Give again, exactly as written, the lines of the records below from the line with "Bella Sarris |" to the line with "Barred Owl im". Both end lines count; pictures do not.

#### EXTRACTED MATERIAL:
>>>
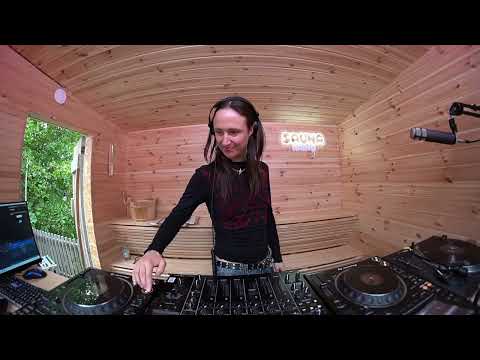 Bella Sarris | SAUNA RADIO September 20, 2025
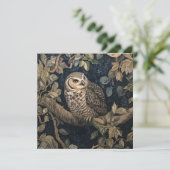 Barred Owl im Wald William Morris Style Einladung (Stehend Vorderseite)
<<<
>>>
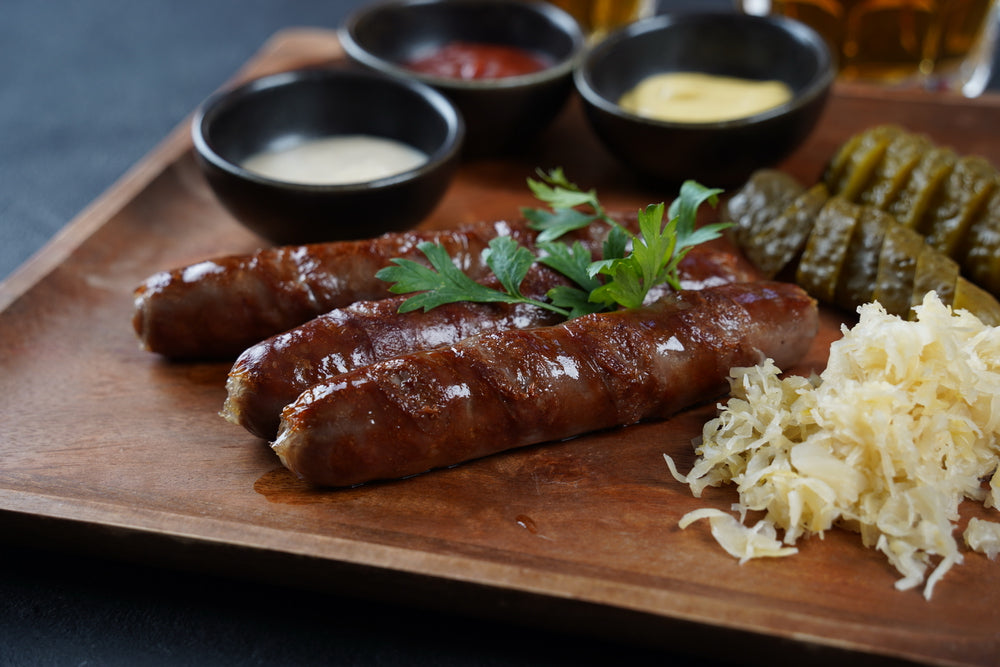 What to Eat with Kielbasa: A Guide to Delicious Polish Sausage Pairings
<<<
#### SOLUTION:
 Bella Sarris | SAUNA RADIO September 20, 2025
 Barred Owl im Wald William Morris Style Einladung (Stehend Vorderseite)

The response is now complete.